The appearance of cracks after 4.4 MPa has an important influence on the curvature change. The percentage of curvature change in the 0–4.4 MPa stage is 188%, but the percentage of curvature change in the 4.4–8.0 MPa stage is as high as 2900%.

(4)

Before cracks appear in the scale model, the strain and curvature of the tunnel segment increase steadily in a small range. When cracks appear, the values of strain and curvature fluctuate obviously. The combination of the strain and curvature of the shield tunnel segment structure can well reflect the deformation information of the structure.

(5)

According to research on the effects of three surface-mount FBG sensing elements, the traditional four-point supplementary layout could more accurately perceive tunnel strain changes, and the 18° uniform layout could more accurately perceive local tunnel curvature changes. It is recommended that the FBG sensing elements with a uniform layout of 18° be used to collect data for monitoring tunnel sections in harsh terrain and the FBG sensing elements with a four-point additional configuration be used to collect data for monitoring other sections.

In this study, a 1:20 scale model test was carried out to investigate the deformation perception of the shield tunnel structure under three different layouts of surface-mounted FBG sensors. Due to the influence of scale effect, the layout method will have errors in practical engineering, which need to be verified in the next step. The above research focuses on the section form of the shield tunnel, and the horseshoe tunnel needs to be further studied.

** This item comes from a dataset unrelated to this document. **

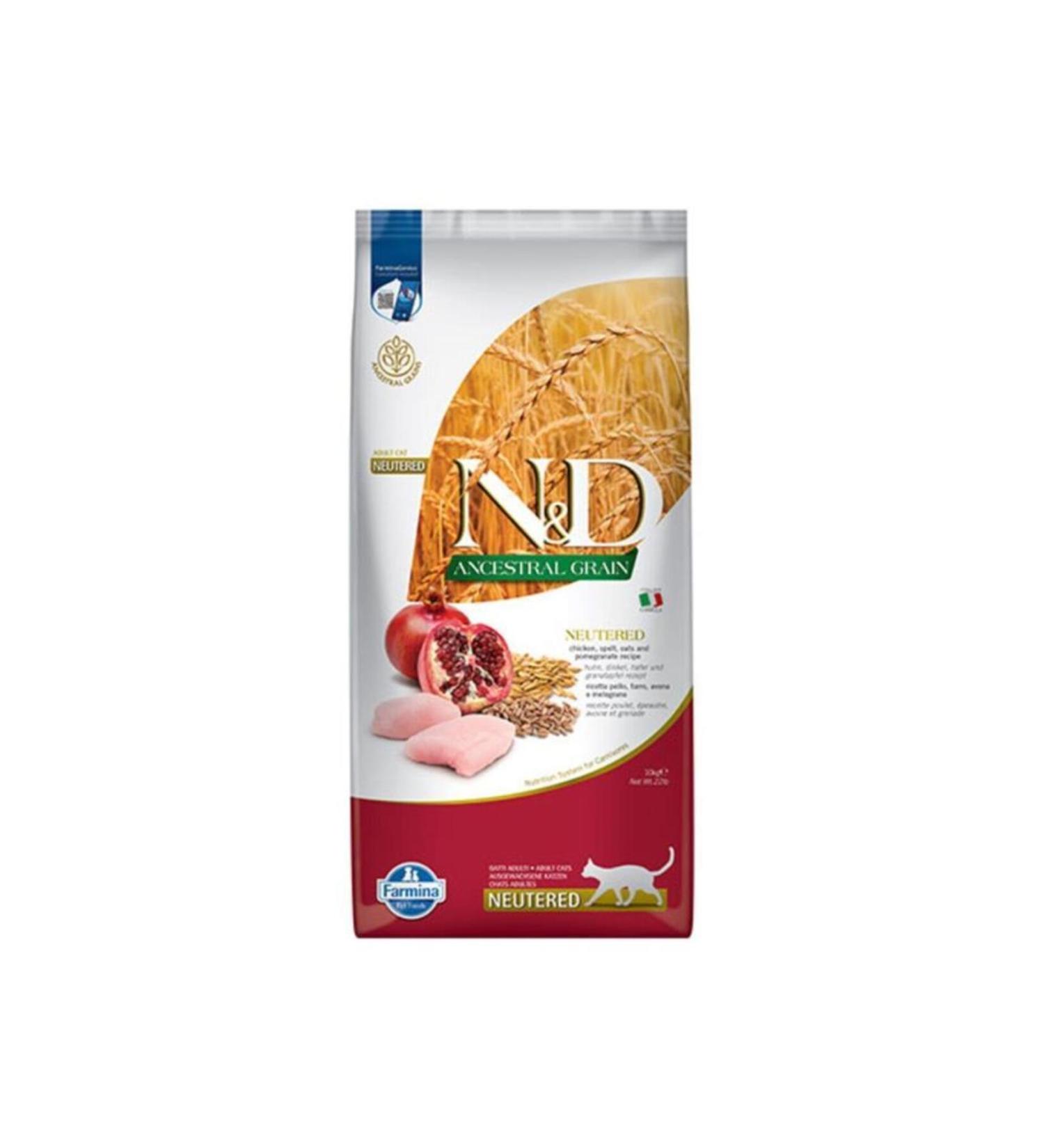 N & D ND Ancestral Grain Chicken and Pomegranate Ata Grain Sterilized Cat Food 10kg (stt:10/2025) - P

The wall thickness of the tunnel designed in this experiment is a fixed value, and it is not used as a parameter to study the critical pressure. The tunnel wall thickness should be further studied as a variable parameter. The focus of the test is to study the influence of hydrostatic pressure and changing earth pressure on tunnel deformation. The influence of live load on tunnel deformation needs to be further studied.